_WHAT YOU SHOULD DO_
One range is to be output from the listing below, exactly as written: the line with "Karta över nederbörd" to the line with "Leipzig Petersstrasse zur", both kept.

_INPUT DATA_
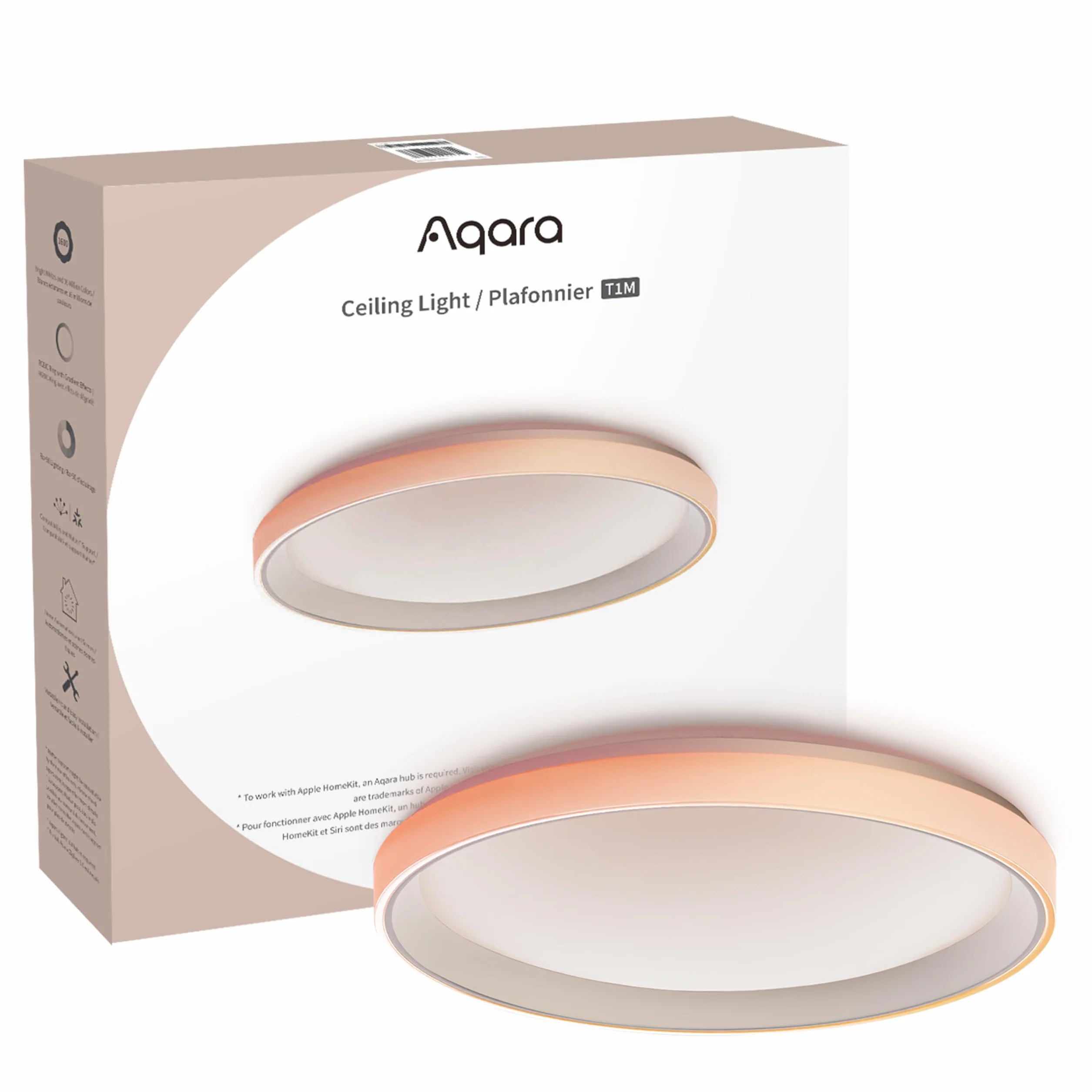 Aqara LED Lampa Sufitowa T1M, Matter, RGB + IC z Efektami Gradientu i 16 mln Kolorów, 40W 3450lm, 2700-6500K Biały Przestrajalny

--

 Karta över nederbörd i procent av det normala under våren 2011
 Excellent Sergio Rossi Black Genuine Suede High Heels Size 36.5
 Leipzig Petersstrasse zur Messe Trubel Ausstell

_TASK RESPONSE_
 Karta över nederbörd i procent av det normala under våren 2011
 Excellent Sergio Rossi Black Genuine Suede High Heels Size 36.5
 Leipzig Petersstrasse zur Messe Trubel Ausstell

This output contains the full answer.